Artificial intelligence (AI) is a field of study that attempts to replicate natural human intelligence in machines. The machines can then independently perform activities that would otherwise require human intelligence. AI can be broken down into several subsets, such as machine learning (ML) and deep learning (DL). Primary care has the potential to be transformed by artificial intelligence (AI) and, in particular, machine learning (ML). Healthcare professionals can identify diseases at an early and curable stage by using ML models to examine medical pictures, diagnostic modalities, and spot patterns that may suggest disease or anomalies. Before the onset of symptoms, ML can be used to identify people at an increased risk of developing specific disorders or diseases. ML algorithms can assess patient data such as medical history, genetics, and lifestyle factors to identify those at higher risk.
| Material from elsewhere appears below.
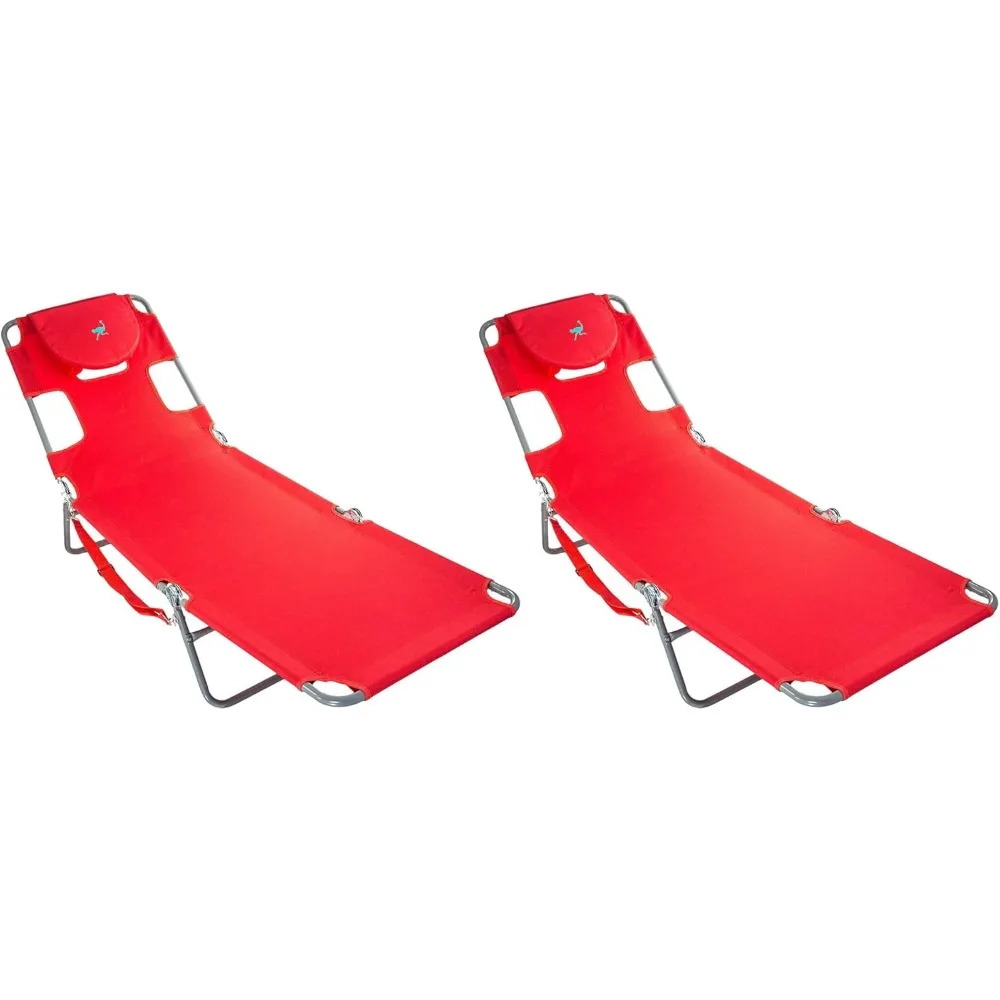 

Chaise Lounge Folding Portable Sunbathing Poolside Beach Chair (2 Pack)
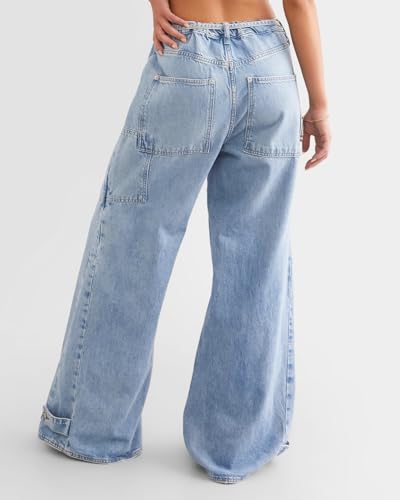 Women Wide Leg Jeans Elastic Mid Waist Belt Baggy Jeans Loose Casual Boyfriend Y2K Denim Pants with Pockets3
This enables targeted interventions such as lifestyle adjustments or early screening.

artificial intelligence
machine learning
deep learning
primary care
screening

1. Introduction

Primary care and preventive medicine, otherwise expressed as day-to-day healthcare practices including outpatient settings, are a growing sector in the realms of AI and computer science. Although AI has endless applications in healthcare, particular sectors of primary care have been more progressive and accepting of AI and its potential. For instance, the Forward clinic is a primary care service incorporating standard doctor-led programs with technology to provide a more inclusive and long-term care ^[1][3]. The addition of the technology allows for 24/7 monitoring, skin cancer screening, testing of genes, and biometric monitoring. As with all AI interventions, the Forward clinic endures multiple challenges, such as additional physician training and fees. Although the Forward clinic is just a singular example of how AI can be integrated into primary care, AI’s implementation into primary care can be further broken down into sections of healthcare, such as pre-operative care and screening.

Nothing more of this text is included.